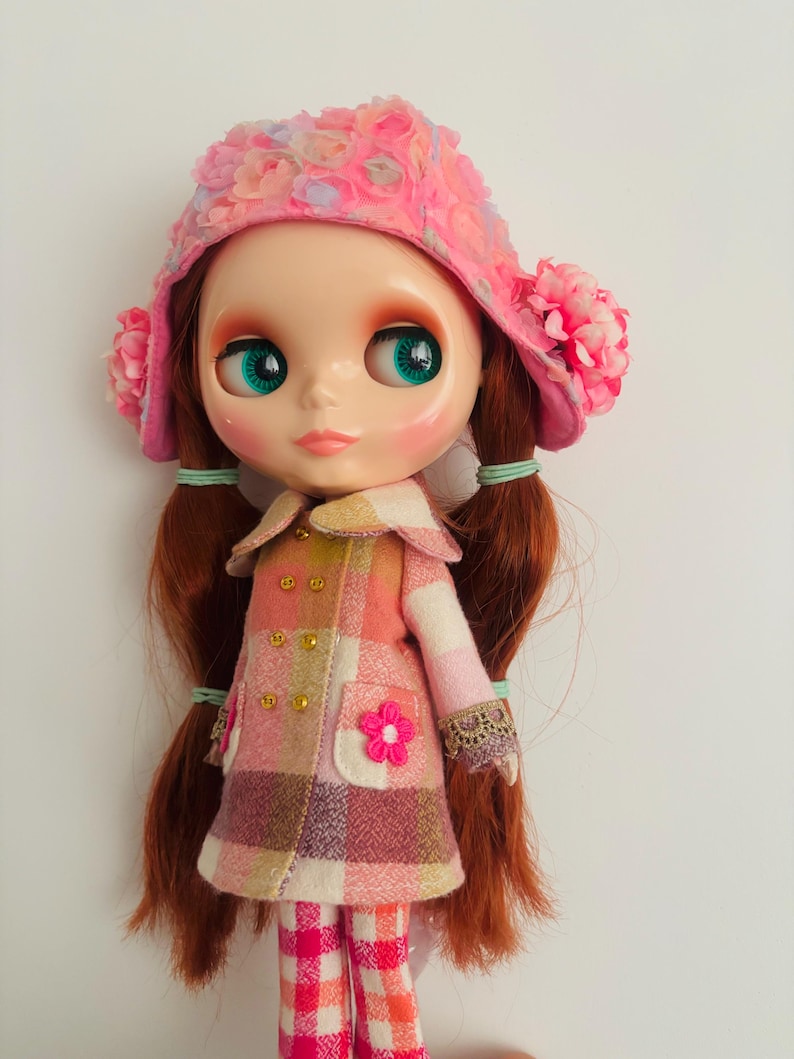 May include: A doll with long red hair wearing a pink and white plaid coat, a pink hat with flower embellishments, and pink and white plaid pants.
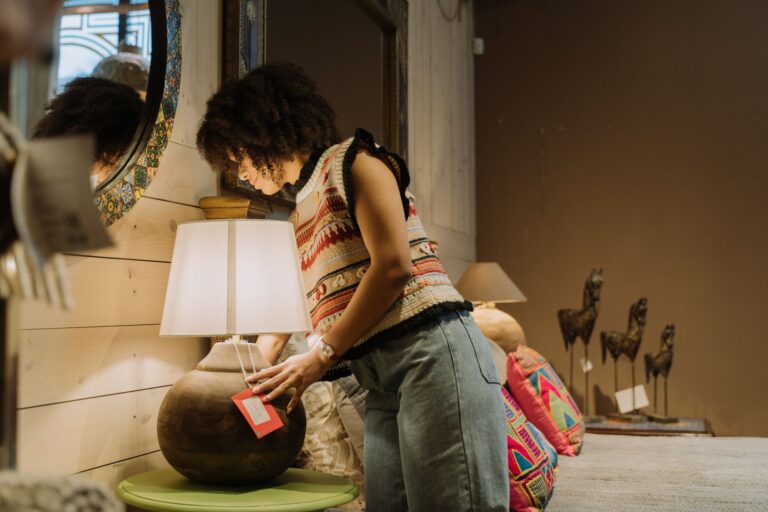 A woman examines a lamp in a cozy retail store setting with decorative elements.
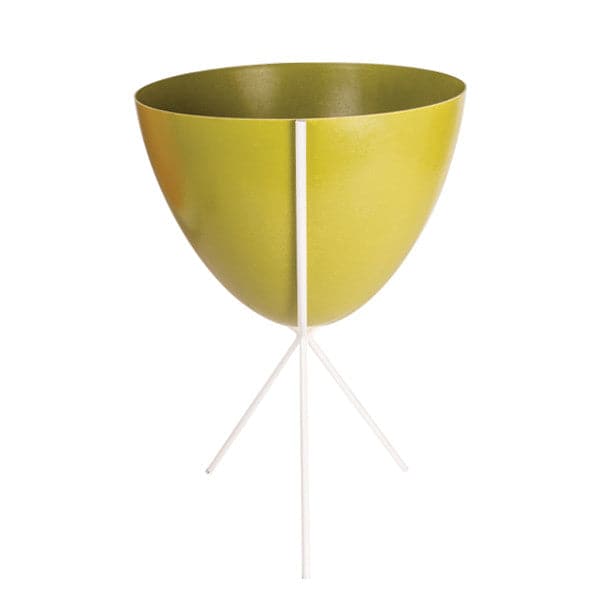 In front of white background is an olive green planter in a white metal stand. The bullet planter is wide at the top and narrow at the bottom. The metal stand has three legs.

□ □ □ □ □

Exercise requirements: Skip the pictures, then return the rest of the data exactly.

Response to the exercise:
 May include: A doll with long red hair wearing a pink and white plaid coat, a pink hat with flower embellishments, and pink and white plaid pants.
 A woman examines a lamp in a cozy retail store setting with decorative elements.
 In front of white background is an olive green planter in a white metal stand. The bullet planter is wide at the top and narrow at the bottom. The metal stand has three legs.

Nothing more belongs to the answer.